• _WHAT IS REQUIRED_: Word for word, return every record that follows.

• _RECORDS SHOWN_:

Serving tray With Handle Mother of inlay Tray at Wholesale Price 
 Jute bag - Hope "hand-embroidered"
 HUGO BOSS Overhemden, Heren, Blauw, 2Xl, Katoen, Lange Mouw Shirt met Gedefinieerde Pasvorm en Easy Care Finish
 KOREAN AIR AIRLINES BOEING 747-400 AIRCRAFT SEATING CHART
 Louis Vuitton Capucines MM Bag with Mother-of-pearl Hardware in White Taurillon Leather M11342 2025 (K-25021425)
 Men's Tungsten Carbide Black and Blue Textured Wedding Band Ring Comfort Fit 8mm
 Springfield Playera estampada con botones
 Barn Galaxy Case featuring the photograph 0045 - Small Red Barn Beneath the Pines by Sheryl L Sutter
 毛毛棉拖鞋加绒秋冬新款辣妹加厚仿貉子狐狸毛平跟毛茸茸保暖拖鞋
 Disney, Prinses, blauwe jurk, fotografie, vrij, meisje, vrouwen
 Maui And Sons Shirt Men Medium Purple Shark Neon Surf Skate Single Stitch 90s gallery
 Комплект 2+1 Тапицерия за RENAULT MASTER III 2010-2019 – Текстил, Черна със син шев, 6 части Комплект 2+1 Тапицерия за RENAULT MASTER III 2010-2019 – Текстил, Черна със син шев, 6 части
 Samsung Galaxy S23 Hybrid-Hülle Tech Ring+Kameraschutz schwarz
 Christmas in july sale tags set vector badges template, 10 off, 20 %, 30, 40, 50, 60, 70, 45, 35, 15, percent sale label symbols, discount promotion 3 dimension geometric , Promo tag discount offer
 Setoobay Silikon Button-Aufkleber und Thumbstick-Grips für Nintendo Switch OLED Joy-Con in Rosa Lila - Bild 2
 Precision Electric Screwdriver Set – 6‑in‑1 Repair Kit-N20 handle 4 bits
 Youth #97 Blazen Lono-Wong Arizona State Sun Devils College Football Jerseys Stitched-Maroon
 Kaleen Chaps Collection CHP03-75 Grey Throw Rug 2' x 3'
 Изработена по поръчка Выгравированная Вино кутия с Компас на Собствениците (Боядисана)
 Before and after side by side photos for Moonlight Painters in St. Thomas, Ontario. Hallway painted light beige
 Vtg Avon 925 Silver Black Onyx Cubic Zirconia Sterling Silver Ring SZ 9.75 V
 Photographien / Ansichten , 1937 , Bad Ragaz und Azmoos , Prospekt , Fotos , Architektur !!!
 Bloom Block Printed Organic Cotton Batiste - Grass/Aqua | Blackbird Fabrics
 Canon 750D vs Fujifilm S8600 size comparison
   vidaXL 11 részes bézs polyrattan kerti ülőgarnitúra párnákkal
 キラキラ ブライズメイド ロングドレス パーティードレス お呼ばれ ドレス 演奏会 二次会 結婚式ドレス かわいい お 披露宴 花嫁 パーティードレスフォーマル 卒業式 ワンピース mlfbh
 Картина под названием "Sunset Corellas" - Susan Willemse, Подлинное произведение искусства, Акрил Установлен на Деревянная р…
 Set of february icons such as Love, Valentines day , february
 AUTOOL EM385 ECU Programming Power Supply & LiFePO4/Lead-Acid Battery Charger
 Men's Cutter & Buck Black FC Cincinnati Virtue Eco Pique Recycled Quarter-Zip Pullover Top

• _PROBLEM SOLUTION_:
Serving tray With Handle Mother of inlay Tray at Wholesale Price 
 Jute bag - Hope "hand-embroidered"
 HUGO BOSS Overhemden, Heren, Blauw, 2Xl, Katoen, Lange Mouw Shirt met Gedefinieerde Pasvorm en Easy Care Finish
 KOREAN AIR AIRLINES BOEING 747-400 AIRCRAFT SEATING CHART
 Louis Vuitton Capucines MM Bag with Mother-of-pearl Hardware in White Taurillon Leather M11342 2025 (K-25021425)
 Men's Tungsten Carbide Black and Blue Textured Wedding Band Ring Comfort Fit 8mm
 Springfield Playera estampada con botones
 Barn Galaxy Case featuring the photograph 0045 - Small Red Barn Beneath the Pines by Sheryl L Sutter
 毛毛棉拖鞋加绒秋冬新款辣妹加厚仿貉子狐狸毛平跟毛茸茸保暖拖鞋
 Disney, Prinses, blauwe jurk, fotografie, vrij, meisje, vrouwen
 Maui And Sons Shirt Men Medium Purple Shark Neon Surf Skate Single Stitch 90s gallery
 Комплект 2+1 Тапицерия за RENAULT MASTER III 2010-2019 – Текстил, Черна със син шев, 6 части Комплект 2+1 Тапицерия за RENAULT MASTER III 2010-2019 – Текстил, Черна със син шев, 6 части
 Samsung Galaxy S23 Hybrid-Hülle Tech Ring+Kameraschutz schwarz
 Christmas in july sale tags set vector badges template, 10 off, 20 %, 30, 40, 50, 60, 70, 45, 35, 15, percent sale label symbols, discount promotion 3 dimension geometric , Promo tag discount offer
 Setoobay Silikon Button-Aufkleber und Thumbstick-Grips für Nintendo Switch OLED Joy-Con in Rosa Lila - Bild 2
 Precision Electric Screwdriver Set – 6‑in‑1 Repair Kit-N20 handle 4 bits
 Youth #97 Blazen Lono-Wong Arizona State Sun Devils College Football Jerseys Stitched-Maroon
 Kaleen Chaps Collection CHP03-75 Grey Throw Rug 2' x 3'
 Изработена по поръчка Выгравированная Вино кутия с Компас на Собствениците (Боядисана)
 Before and after side by side photos for Moonlight Painters in St. Thomas, Ontario. Hallway painted light beige
 Vtg Avon 925 Silver Black Onyx Cubic Zirconia Sterling Silver Ring SZ 9.75 V
 Photographien / Ansichten , 1937 , Bad Ragaz und Azmoos , Prospekt , Fotos , Architektur !!!
 Bloom Block Printed Organic Cotton Batiste - Grass/Aqua | Blackbird Fabrics
 Canon 750D vs Fujifilm S8600 size comparison
   vidaXL 11 részes bézs polyrattan kerti ülőgarnitúra párnákkal
 キラキラ ブライズメイド ロングドレス パーティードレス お呼ばれ ドレス 演奏会 二次会 結婚式ドレス かわいい お 披露宴 花嫁 パーティードレスフォーマル 卒業式 ワンピース mlfbh
 Картина под названием "Sunset Corellas" - Susan Willemse, Подлинное произведение искусства, Акрил Установлен на Деревянная р…
 Set of february icons such as Love, Valentines day , february
 AUTOOL EM385 ECU Programming Power Supply & LiFePO4/Lead-Acid Battery Charger
 Men's Cutter & Buck Black FC Cincinnati Virtue Eco Pique Recycled Quarter-Zip Pullover Top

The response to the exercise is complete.